Intimité et amours mélancoliques de Josquin Desprez par Dulces Exuviae à Vézelay
Ce 27 août 2021, les férus de musique Renaissance commémoreront le 500e anniversaire de la disparition de Josquin Desprez, compositeur majeur de cette époque. Après le concert de l’ensemble Clément Janequin, les Rencontres Musicales de Vézelay proposent de revivre la musique du grand maître dans une configuration très différente : en ce dimanche matin, dans la petite église Saint-Jacques-le-Majeur d’Asquins, au pied de la colline de Vézelay, le duo Dulces Exuviae plonge le public dans l’intimisme d’un salon de courtisans du XVIe siècle, bercé au son des chansons mariales ou de désolation amoureuse.

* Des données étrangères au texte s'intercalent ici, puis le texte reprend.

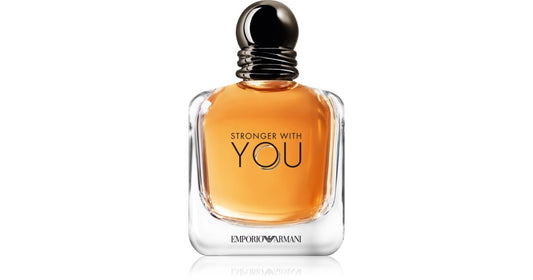 Emporio Armani Stronger With You Eau de Toilette 100ml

Assis aux côtés du luthiste slovène Bor Zuljan et tenant à la main, non pas des partitions, mais une sorte de bréviaire finement décoré, le jeune baryton Romain Bockler charme par sa voix au timbre chaleureux et sa présence élégante. Il prend un plaisir certain à chanter ces mélodies et à les orner de souples vocalises. Déclamant avec éloquence certains textes en moyen-français avant de les chanter, il fait preuves d’intentions mélancoliques qui portent la poésie de la musique, peut-être même avant celle du texte. L'auditeur retiendra entre autres le très touchant da capo (reprise au début), très doux, du Quant de vous seul de Johannes Ockeghem, maître qui influença grandement l’œuvre de Desprez. L’auditeur ayant pu assister au concert de la veille avec l’Ensemble Clément Janequin peut être enchanté d’entendre une version différente de la tendre et mélancolique Douleur me bat ou la célèbre Mille regretz. Le chanteur fait également entendre des vocalises avec une maîtrise de très bon goût, « chantées de belle manière » dirait-on à l'époque de Josquin Desprez, particulièrement pour l’Ave Maria qui clôt le programme, juste avant que les cloches de l’église ne sonnent l’angélus pour annoncer gaiment la prière de midi.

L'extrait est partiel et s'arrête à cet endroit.